To better analyze this trend, I have plotted the population of North Carolina by county. I have also used a map detailing the population by county in North Carolina courtesy of NCPedia. I began this process by installing rvest to extrapolate per capita income data from the North Carolina wikipedia page. I used html_nodes to read the table and then set the table equal to a the variable income. From there, I cleaned the data by removing extra rows with the -c function. View the rest of my geospatial code below:
nc4 = counties(37) %>% st_as_sf() %>% rename(County = NAME) #renaming datasets
income %>% right_join(nc4) -> incomeByCounty #mergind the two datasets colnames(incomeByCounty)[3] = "per.capita.income"

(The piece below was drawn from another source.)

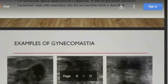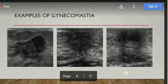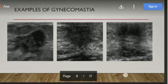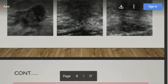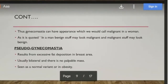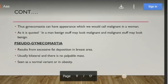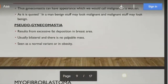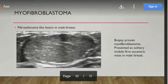Examples of gynecomastia show a hypoechoic mass with spiculations or ill-defined irregular margins. It is usually bilateral. Such a characteristic lesion in women is usually considered malignant, but in males it is usually gynecomastia, provided it is bilateral and subareolar, and is usually soft and tender. Pseudo-gynecomastia is a deposition of fat in an obese man and is also usually bilateral.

gsub("[[:punct:]]","", incomeByCounty$per.capita.income) -> incomeByCounty$per.capita.income
as.numeric(incomeByCounty$per.capita.income) = incomeByCounty$per.capita.income
incomeByCounty %>% ggplot() + geom_sf(aes(fill = per.capita.income)) + theme(panel.grid.major = element_line(colour = 'transparent'), axis.title.x=element_blank(), axis.text.x=element_blank(),axis.ticks.x=element_blank(),axis.title.y=element_blank(), axis.text.y=element_blank(), axis.ticks.y=element_blank(), panel.background=element_blank(), panel.border=element_blank(),panel.grid.minor=element_blank(), plot.background=element_blank()) str(incomeByCounty$per.capita.income)

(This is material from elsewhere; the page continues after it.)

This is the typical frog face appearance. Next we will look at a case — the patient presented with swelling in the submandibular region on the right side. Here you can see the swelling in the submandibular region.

These bar charts detail the top 10 most and least populous counties in North Carolina. This data was created with the Wikipedia information used above. The graphs were attempted in R studio but due to a flaw in code we finished in Google Sheets. View my attempted code for the bottom 10 least populous counties:
top10_rank = count(d1416v6, county) %>% arrange(desc(n)) %>% head(10)
bottom10_rank = count(incomeByCounty, Population) %>% arrange(n) %>% head(10)
population2g = ggplot(bottom10_rank, aes(x=County, y=pop)) + geom_bar(stat="identity") + ggtitle("Bottom 10 Least Populous in NC") population2g

These bar charts detail counties in North Carolina with the highest and lowest incidence of drug overdose. This data was created with the Wikipedia information used above. View my code below:
top10_rank = count(d1416v6, county) %>% arrange(desc(n)) %>% head(10) g = ggplot(top10_rank, aes(x=county, y=n)) + geom_bar(stat="identity") + ggtitle("Top 10 NC Counties with Overdose Deaths") g
bottom10_rank = count(d1416v6, county) %>% arrange(n) %>% head(10) g = ggplot(bottom10_rank, aes(x=county, y=n)) + geom_bar(stat="identity") + ggtitle("Bottom 10 NC Counties with Overdose Deaths") g
This graph gives a snapshot of recent overdose levels in North Carolina from 1999 to 2016. As shown in the graph, there has been a steady increase in overdose deaths since 1999. To begin this code, I cleaned the data in an excel sheet. I initially attempted to combine these rows using rbind but could not combine because of an error in the column names. View my code below:
years = read.csv("Year.csv") year = count(years, Year) %>% arrange(desc(n)) g = ggplot(year, aes(x=Year, y = n)) + geom_bar(stat="identity") + ggtitle("Recent Snapshot of Overdoses") g
My hypothesis that as income decreases, drug overdose deaths will also decrease proved to be true. However, this was not generally true in counties with large and diverse populations and socioeconomic statuses.
It can be assumed that these overdose deaths have been a result of the opioid crisis in America. Opioid abuse is unique in that it crosses all racial, economic, social, and geographical boundaries. This correlation is seen in my analysis of population and overdose deaths. When comparing the cities that both placed in the top 10 highest in population and number of overdose deaths, as well as top 10 lowest in population and number of overdose deaths, there is not a distinctive pattern.
As our access to drug overdose data is increasingly more availble, I would like to continue updating this analysis to better understand and examine the complex relationship between income, population, and overdose deaths in North Carolina. I also hope to fix the flawed code to present this in a cleaner manner in the future.